Entries provided section start
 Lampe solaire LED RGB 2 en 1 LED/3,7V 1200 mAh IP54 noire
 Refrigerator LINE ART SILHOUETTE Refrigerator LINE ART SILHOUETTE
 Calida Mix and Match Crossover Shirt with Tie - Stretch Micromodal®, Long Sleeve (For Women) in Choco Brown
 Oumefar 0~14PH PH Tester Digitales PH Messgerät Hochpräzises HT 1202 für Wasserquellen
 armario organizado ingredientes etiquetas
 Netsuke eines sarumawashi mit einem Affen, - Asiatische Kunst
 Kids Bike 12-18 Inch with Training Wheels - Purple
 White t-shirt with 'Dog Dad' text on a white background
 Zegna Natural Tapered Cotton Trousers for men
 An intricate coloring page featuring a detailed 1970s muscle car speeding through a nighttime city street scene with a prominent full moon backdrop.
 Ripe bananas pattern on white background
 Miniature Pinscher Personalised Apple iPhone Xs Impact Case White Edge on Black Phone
Entries provided section end
*Problem description*
Find the lines above that include the string "background" and copy them.

*Exercise solution*
 White t-shirt with 'Dog Dad' text on a white background
 Ripe bananas pattern on white background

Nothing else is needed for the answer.